---------- Information supplied ----------
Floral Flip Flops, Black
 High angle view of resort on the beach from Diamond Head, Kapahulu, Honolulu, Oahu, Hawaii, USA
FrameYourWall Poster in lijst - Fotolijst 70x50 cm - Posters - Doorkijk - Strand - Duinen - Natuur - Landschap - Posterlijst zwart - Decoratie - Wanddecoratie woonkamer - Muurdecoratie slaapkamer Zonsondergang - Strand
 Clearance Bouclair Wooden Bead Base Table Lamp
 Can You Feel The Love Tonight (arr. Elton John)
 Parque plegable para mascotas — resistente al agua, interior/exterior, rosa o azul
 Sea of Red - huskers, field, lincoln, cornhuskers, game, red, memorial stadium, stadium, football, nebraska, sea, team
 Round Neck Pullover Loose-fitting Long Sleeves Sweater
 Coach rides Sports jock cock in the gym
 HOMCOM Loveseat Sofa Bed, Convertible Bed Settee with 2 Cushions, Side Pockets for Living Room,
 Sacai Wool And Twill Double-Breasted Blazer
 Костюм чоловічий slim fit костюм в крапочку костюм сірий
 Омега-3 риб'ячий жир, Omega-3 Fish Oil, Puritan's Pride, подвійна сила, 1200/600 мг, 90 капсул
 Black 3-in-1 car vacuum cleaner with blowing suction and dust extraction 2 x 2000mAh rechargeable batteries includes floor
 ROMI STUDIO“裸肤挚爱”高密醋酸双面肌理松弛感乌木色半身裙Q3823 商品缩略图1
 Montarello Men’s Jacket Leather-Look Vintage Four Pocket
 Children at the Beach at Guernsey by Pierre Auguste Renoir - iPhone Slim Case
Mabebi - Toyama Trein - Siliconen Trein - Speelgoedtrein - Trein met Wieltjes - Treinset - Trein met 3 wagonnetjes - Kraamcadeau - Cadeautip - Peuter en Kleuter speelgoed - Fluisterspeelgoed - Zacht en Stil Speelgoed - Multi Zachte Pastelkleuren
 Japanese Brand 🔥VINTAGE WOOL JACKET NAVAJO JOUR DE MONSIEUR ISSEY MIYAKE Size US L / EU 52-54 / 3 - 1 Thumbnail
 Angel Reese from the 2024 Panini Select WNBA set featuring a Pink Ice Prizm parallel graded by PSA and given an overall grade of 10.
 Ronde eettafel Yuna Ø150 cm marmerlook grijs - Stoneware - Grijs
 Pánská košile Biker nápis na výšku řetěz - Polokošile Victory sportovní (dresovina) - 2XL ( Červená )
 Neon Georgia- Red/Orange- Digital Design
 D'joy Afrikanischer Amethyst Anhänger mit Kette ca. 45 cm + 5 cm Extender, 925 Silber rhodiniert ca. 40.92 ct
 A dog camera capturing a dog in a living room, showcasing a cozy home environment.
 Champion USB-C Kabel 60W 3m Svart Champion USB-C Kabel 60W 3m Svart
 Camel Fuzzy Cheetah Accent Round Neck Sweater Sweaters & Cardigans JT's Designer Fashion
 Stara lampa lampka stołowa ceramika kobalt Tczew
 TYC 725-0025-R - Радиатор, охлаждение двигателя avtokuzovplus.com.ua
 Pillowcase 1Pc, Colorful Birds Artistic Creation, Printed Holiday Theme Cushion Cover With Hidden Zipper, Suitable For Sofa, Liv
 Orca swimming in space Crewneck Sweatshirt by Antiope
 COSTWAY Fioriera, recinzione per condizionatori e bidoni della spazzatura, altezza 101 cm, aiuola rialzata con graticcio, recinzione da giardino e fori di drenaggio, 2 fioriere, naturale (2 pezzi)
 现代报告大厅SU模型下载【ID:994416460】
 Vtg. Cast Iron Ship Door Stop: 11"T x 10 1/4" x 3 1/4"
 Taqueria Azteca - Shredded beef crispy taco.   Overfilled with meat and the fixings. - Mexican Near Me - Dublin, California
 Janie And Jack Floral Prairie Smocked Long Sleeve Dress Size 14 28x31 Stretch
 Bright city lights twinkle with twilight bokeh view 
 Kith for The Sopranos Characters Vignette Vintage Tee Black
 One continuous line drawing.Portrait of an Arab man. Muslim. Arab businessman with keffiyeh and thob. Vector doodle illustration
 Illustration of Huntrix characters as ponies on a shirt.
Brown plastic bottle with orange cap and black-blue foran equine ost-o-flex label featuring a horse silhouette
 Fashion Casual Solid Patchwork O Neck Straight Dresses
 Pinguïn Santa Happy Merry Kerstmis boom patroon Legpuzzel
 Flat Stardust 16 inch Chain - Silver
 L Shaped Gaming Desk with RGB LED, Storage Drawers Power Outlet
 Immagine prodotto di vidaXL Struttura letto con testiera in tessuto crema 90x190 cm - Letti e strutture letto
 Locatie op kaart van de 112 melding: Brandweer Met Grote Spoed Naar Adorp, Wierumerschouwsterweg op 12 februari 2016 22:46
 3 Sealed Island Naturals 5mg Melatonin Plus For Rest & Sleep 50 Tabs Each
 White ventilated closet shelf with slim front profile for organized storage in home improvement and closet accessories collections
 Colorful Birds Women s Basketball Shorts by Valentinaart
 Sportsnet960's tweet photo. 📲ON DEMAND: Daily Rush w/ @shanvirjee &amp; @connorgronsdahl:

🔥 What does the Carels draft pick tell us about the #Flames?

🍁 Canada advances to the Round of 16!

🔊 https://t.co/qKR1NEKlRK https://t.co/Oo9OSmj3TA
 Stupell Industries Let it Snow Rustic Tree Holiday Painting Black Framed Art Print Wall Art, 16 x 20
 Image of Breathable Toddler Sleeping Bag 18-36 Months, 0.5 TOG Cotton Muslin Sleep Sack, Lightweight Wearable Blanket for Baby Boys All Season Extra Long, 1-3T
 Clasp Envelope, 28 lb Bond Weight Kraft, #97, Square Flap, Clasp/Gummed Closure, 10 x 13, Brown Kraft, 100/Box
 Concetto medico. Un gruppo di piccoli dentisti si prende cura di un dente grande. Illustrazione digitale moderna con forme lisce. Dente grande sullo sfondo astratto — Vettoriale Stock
----------
§ **Activity**
If a line in the data above holds the word "Holiday", count it; give only the total.

§ **Solution**
2